Monday, 7 July 2008
The Foreigner (2003)
The Foreigner was originally destined for theatrical release but was shelved when Today You Die tanked and eventually it was dumped Direct-to-Video. That was probably for the best. Steven Seagal plays Jonathan Cold, a lone-wolf CIA agent (no surprises there) who is partnered with the weasely Dunoir (Max Ryan) and tasked to deliver a mysterious package. When they get to the farmhouse where the package is being stored, they are abushed by Danish agents and barely escape with their lives. In an action scene that sets the tone for the rest of the film, pulsing techno and oodles of slow motion and camera trickery accompany every pissy little stunt, trying to fool the audience into thinking something exciting is happening. It's really rather embarassing.
So it turns out that Dunoir is actually a bad guy (he's a heavy smoker, a dead giveaway) and wants the package for himself. I can't remember who he is working for because the film is utterly incomprehensible. It is one of those films where everybody talks in cryptic terms about their "employer" and usually double and/or triple crosses them by the end anyway. Dunoir is probably the worst secret agent ever, needlessly shooting CIA bigwigs, maids, hotel clerks and random Polish Porsche-owners. He miraculously survives a number of deaths himself, including being blasted through a second-story window by two successive shotgun blasts (he is wearing a flak jacket, you see), barely outrunning an enormous explosion and being shot in the chest by Seagal (flak jacket again). In the end he gets a very Seagalian arm break before being killed.

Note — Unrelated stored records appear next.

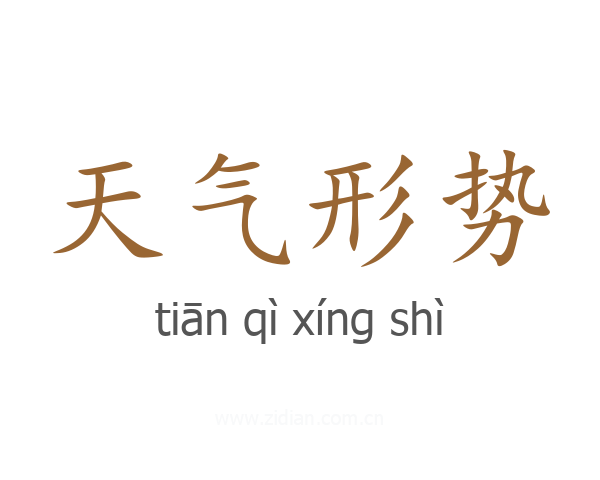 天气形势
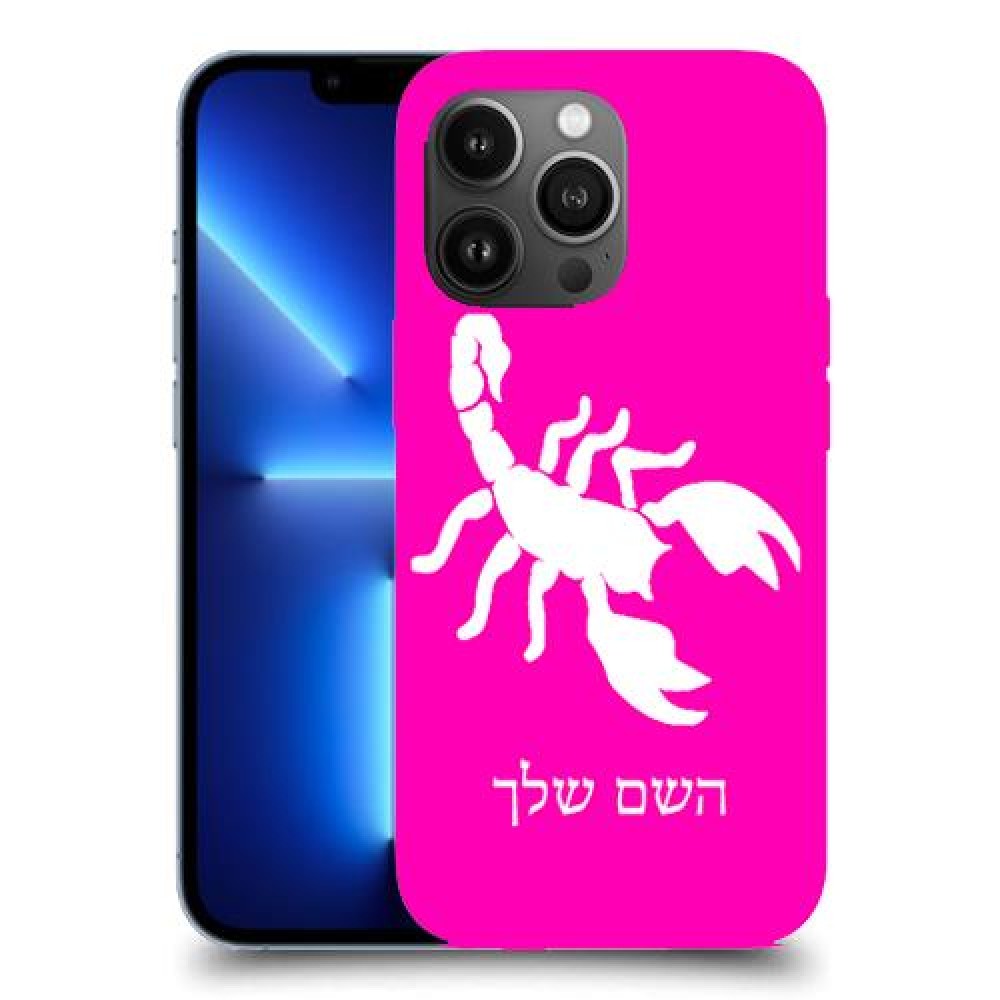 עקרב כיסוי מגן קשיח בעיצוב אישי עם השם שלך ל Apple iPhone 13 Pro Max יחידה אחת סקרין מובייל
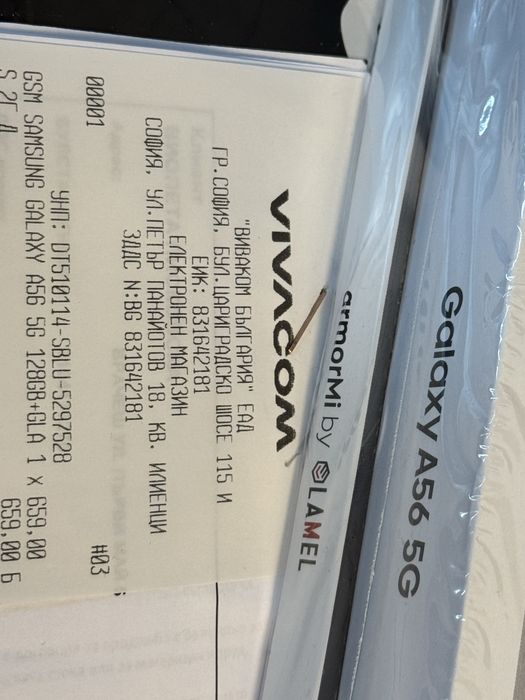 ЗАПЕЧАТАН 128GB Samsung A56 Vivacom Гаранция 2027г. White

During his adventures Seagal runs afoul of a number of competing agents, including a stylish American fellow named Mr. Mimms, an eloquent British assassin and a whole bunch of other boring European villians. The masterminds behind the whole operation are wealthy couple Jerome and Meredith Van Aken, although each have their own motives and you are kept in the dark about who the true villian is until the very end. Not that you'll care. The film tries to compensate for a thin plot by throwing in so many twists, turns and side characters that you'll give up trying to make sense of it long before it limps over the finish line. I suppose multiple viewings could aleviate some of the confusion, but good luck with that, I could barely sit through it once.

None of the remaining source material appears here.